Reputation: 702
I'm trying to get player names from the scoring table on http://www.pgatour.com/leaderboard.html page, but searching for it with getElementsByTagName using PowerShell returns nothing:
$HTML = Invoke-WebRequest -Uri http://www.pgatour.com/leaderboard.html
$HTML.ParsedHtml.getElementsByTagName("a") | where { $_.className -like '*expansion*' }
Searching for class name in web browser's developer tools using .name.expansion CSS selector returns player names that I need, but as far as I know there is no way to search using CSS selector in PowerShell.
I also tried to use $HTML.AllElements, but with no luck.
Please advise on what is the best way to resolve this task. Thanks!
Upvotes: 1
Views: 2269
Reputation: 67
The problem is that you don't get same page in powershell, as in browser. To check it, try the code:
$HTML = Invoke-WebRequest -Uri "http://www.pgatour.com/leaderboard.html"

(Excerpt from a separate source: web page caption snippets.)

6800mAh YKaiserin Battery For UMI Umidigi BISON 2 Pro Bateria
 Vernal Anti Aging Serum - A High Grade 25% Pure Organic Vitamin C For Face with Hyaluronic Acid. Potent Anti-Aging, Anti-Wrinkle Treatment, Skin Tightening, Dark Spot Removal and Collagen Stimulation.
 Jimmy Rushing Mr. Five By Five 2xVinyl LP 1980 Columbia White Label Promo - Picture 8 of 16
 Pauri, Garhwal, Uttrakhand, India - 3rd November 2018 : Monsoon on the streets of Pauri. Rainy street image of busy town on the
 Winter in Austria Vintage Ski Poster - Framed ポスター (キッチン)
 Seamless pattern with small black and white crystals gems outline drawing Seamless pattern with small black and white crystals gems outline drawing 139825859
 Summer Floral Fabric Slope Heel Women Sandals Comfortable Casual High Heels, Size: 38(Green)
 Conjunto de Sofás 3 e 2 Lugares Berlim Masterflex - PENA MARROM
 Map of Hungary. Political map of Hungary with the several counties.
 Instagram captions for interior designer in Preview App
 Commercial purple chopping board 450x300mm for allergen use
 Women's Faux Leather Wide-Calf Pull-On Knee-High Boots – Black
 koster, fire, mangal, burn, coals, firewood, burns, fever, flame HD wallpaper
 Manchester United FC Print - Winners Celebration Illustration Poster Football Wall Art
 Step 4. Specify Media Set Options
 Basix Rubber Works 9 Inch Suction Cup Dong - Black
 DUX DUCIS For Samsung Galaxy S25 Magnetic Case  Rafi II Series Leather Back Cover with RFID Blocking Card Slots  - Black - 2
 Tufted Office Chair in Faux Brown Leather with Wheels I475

$HTML.Content > leaderboard.html
Then open leaderboard.html in browser. As you can see, there is message
It appears your browser may be outdated. For the best website experience, we recommend updating your browser.
And leaderboard is missing. What you can try, is to get content via IE
$ie = New-Object -com InternetExplorer.Application
#$ie.visible=$true
$ie.navigate("http://www.pgatour.com/leaderboard.html")
while($ie.ReadyState -ne 4) {start-sleep -m 100} #waiting for page is ready
start-sleep -s 30 #waiting for leaderboard to load
$ahrefs = $ie.Document.getElementsByTagName("a")
$names = ($ahrefs | where {$_.className -eq "name expansion"})
$names | foreach {write-host $_.textContent}
Note, the solution above is extremely slow
Upvotes: 1